Thyme De Provence


Thyme De Provence, or ‘Summer Thyme’, is a popular perennial herb that is well known for its culinary, medicinal and ornamental uses. With its tiny, soft, grey-green leaves and small, pinkish flowers, Thyme de Provence is spicier than common thyme and is the preferred option in authentic French cuisine. In fact, it is the leading component in the famous Herbes de Provence dried-herb mix, as well as in the Bouquet garni – a bundle of string-tied herbs used to flavour soups and stews. Thyme can be found beyond the library’s ‘cookery’ section, though; it has long been a key ingredient in folk medicine and is listed frequently in spell handbooks. Historically, it’s had a major role in vision-inducing love potions, fairy-producing unguents and, as the botanist Nicholas Culpeper recommended, nightmare remedies.

Common name Thyme
Latin name Thymus vulgaris
Variety De Provence
Quantity 10 seeds
Plant size Height: 15 cm
Width: 20 cm
Container size Height: 20 cm
Width: 20 cm
Companion plant(s) Tomatoes, peppers, aubergines, oregano, alpine strawberries.
Planting indoors Feb to Mar
Planting outdoors Apr to Jun
Germination 15 to 30 days
Harvesting 40 to 60 days
Planting 1 cm to 2 cm apart at 0.5 cm depth
Thinning 3 cm to 5 cm between plants
Light Full sun
Soil Well-drained, light and poor soil
Watering Regular watering, allow to dry out
Feeding Not required
Caring Thyme requires very little care, apart from occasional watering.
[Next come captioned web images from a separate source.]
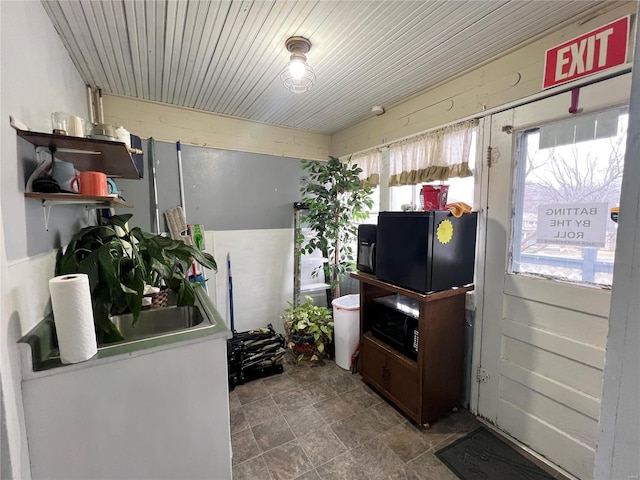 miscellaneous room with wood ceiling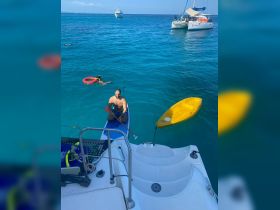 A fun-filled day on the water with paddleboarding, snorkeling, and kayaking, showcasing the vibrant turquoise sea and active enjoyment of the guests.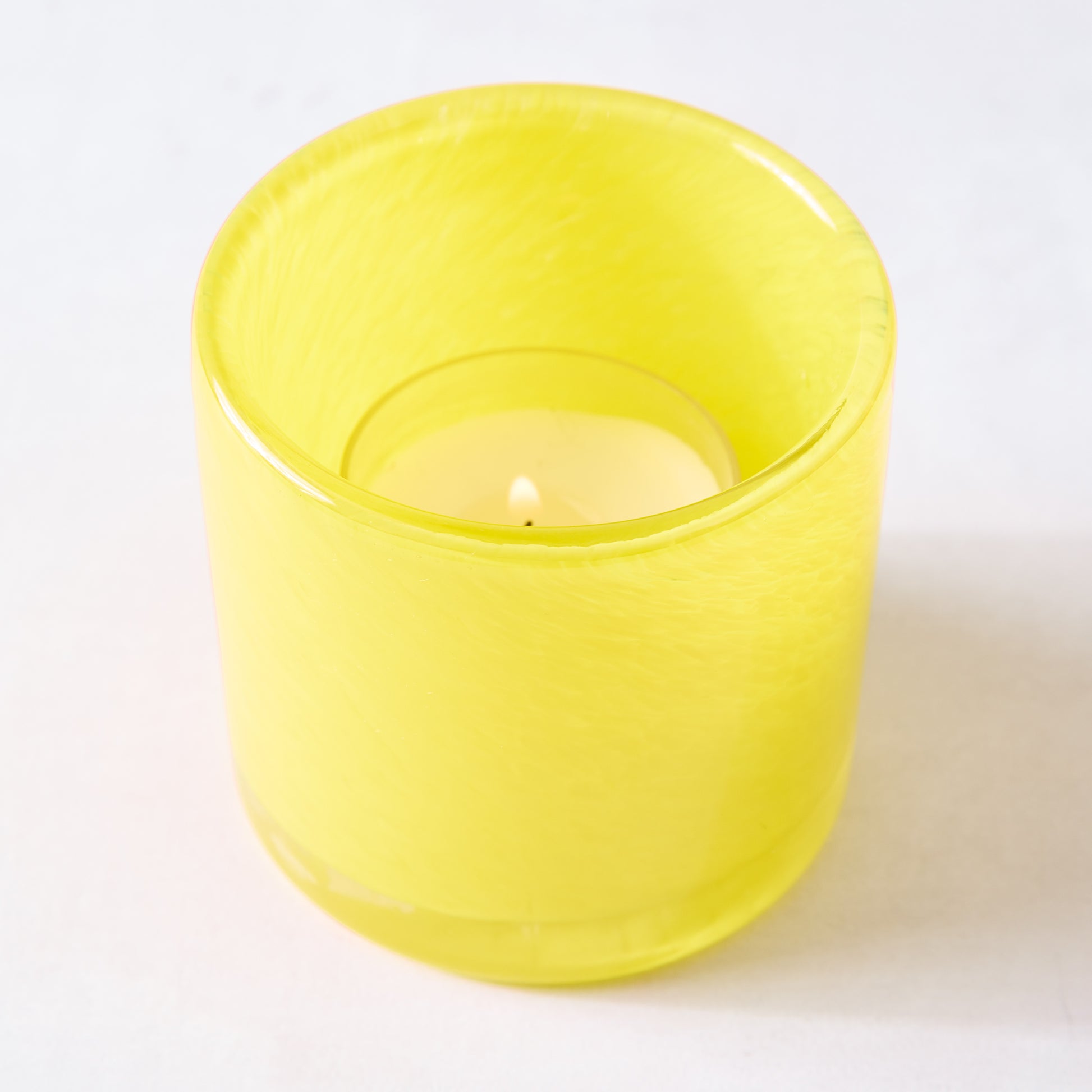 Bright yellow glass votive candle holder with a lit tealight inside, 2.75" tall.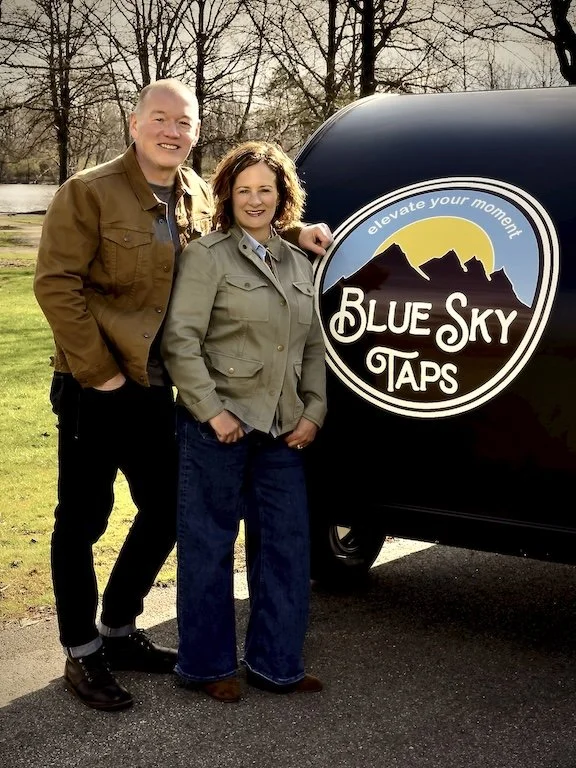 A smiling man and woman standing outdoors on a sunny day in front of the Blue Sky Taps mobile bar and tap trailer and bar service at a wedding in Columbus, Ohio.  The scene features trees and a natural park setting.
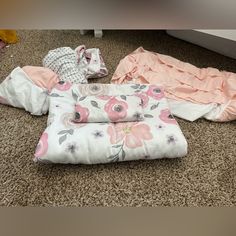 several baby blankets are laying on the floor next to each other and one is folded up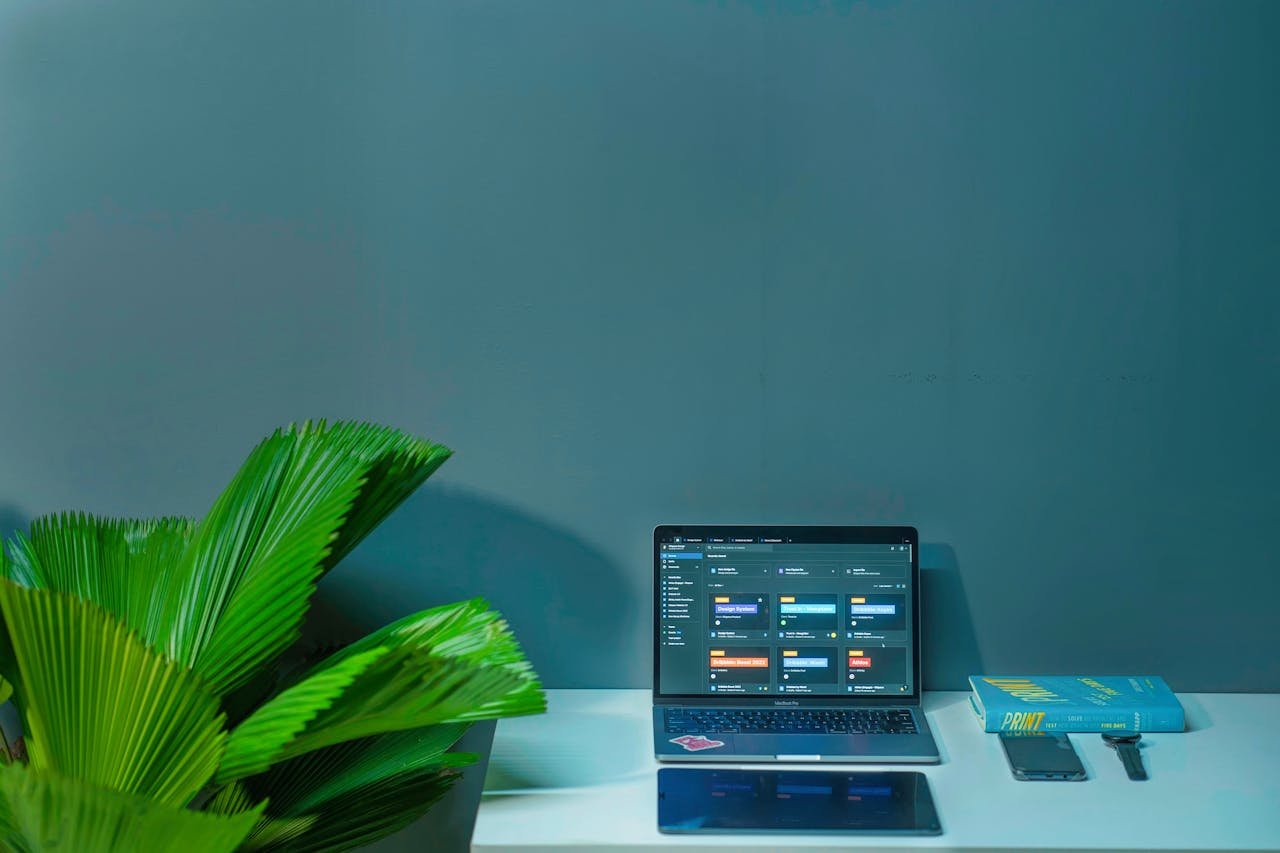 home-hero-1 Sleek office desk setup featuring a laptop, tropical plant, and book in a modern design.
Light pruning will help to maintain its compact-yet-bushy shape. Thyme is a sun-loving plant, and the light draws out the pungent oils that make its flavour so strong.
Beneficial wildlife Attracts bees and butterflies.
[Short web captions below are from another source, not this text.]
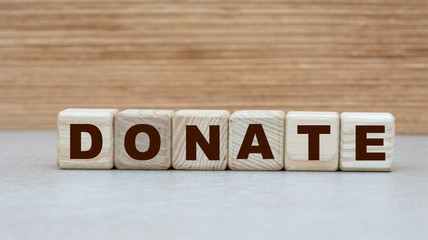 Naklejka premium concept of the word DONATE on cubes on a wooden background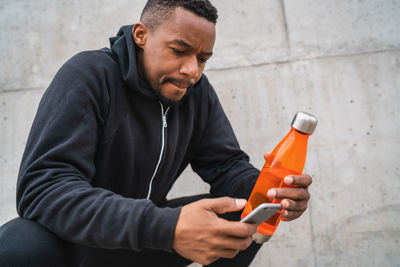 Midsection of man using mobile phone against wall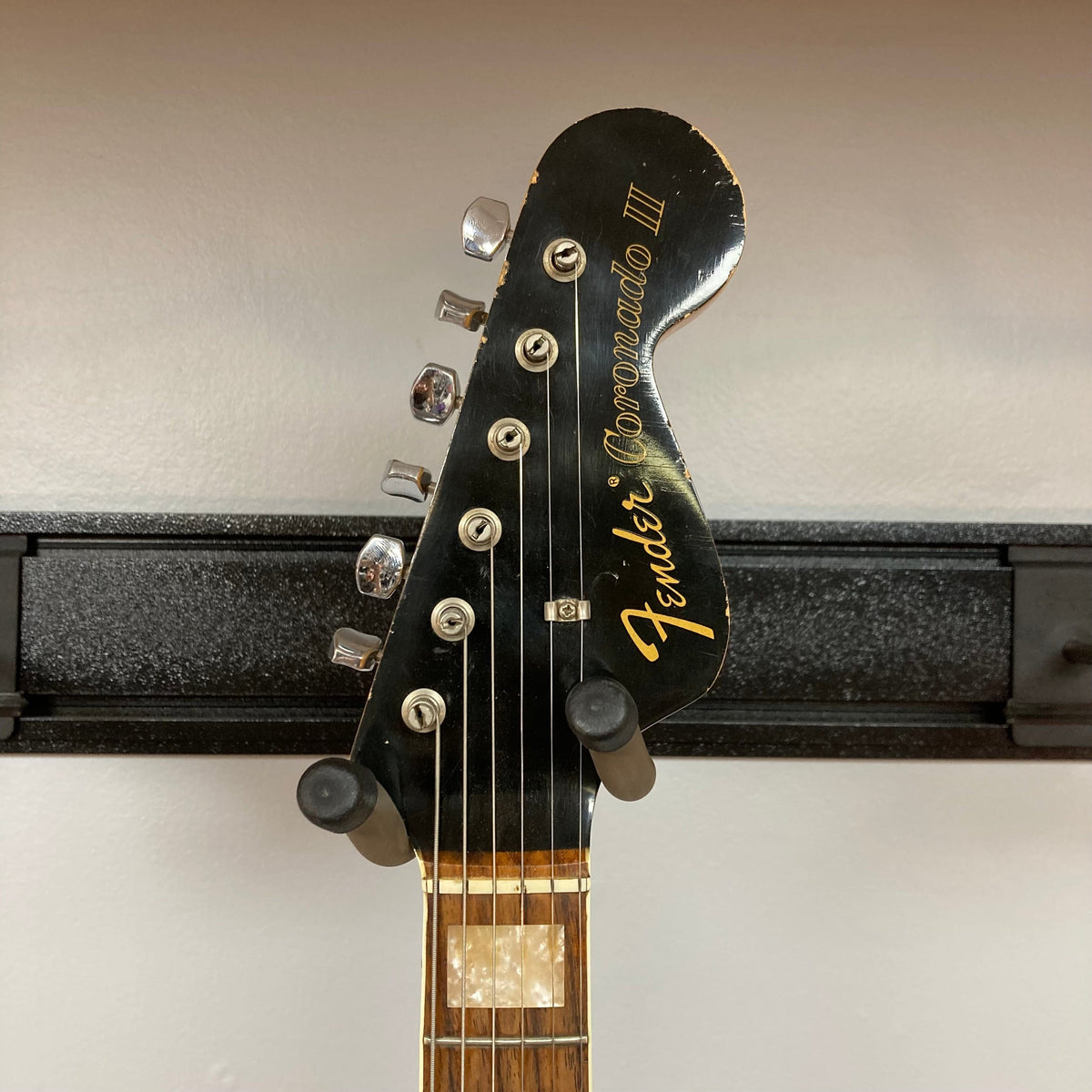 Fender Coronado II 1973 Sunburst on a stand with visible semi-hollow body, dual humbuckers, and minor finish blemishes.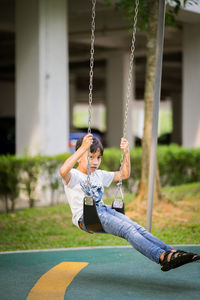 Full length of boy enjoying swing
Pests Repels cabbage pests, whitefly and tomato hornworm.
Harvesting Pinch out small, fresh branches as you need them, or hang to dry in small bunches.
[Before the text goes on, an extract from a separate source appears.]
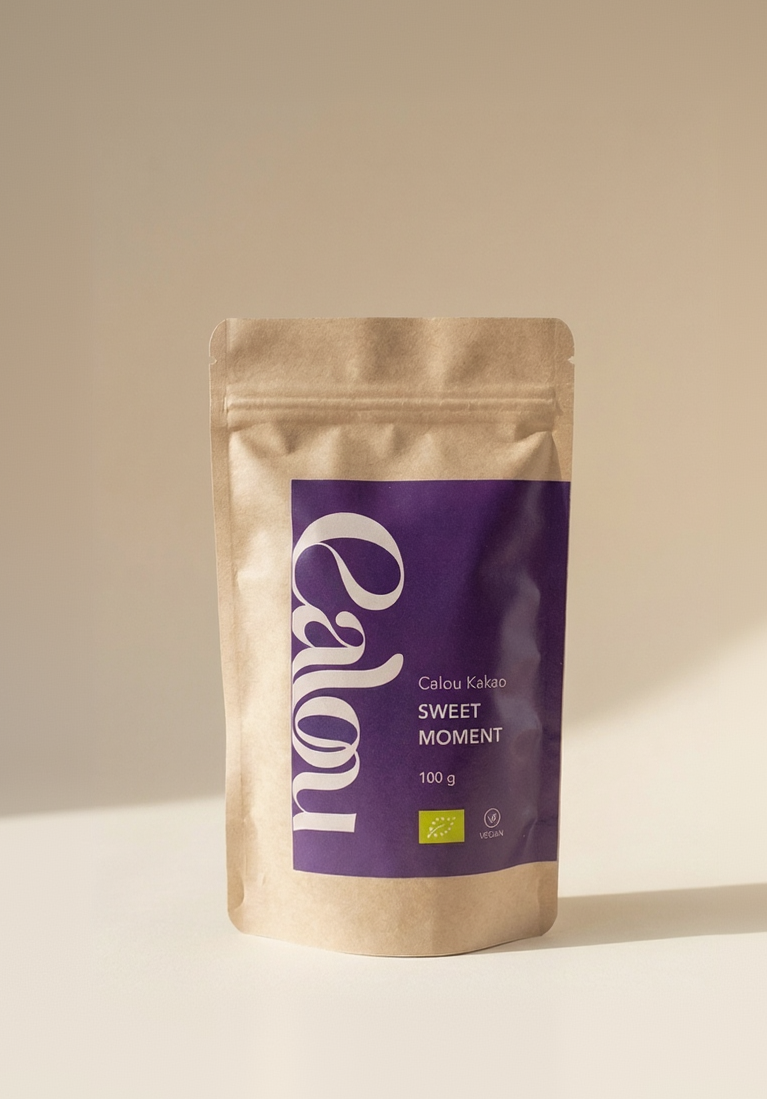100 g Packung ‚Calou Kakao Sweet Moment‘ in brauner Kraftpapierverpackung mit violettem Etikett vor beidem Hintergrund.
Eating Medicinal properties: In Hippocrates’ time, infusions of the herb were drunk at the end of banquets for digestive purposes.

How to eat: Thyme De Provence works well in all Mediterranean meat and vegetable recipes, as testified by its presence in the classic Arabic Za’atar spice blend. When combined with honey, thyme can be used across the spectrum of dishes, from salads to sweet treats (especially those containing complementary lemon or orange flavours).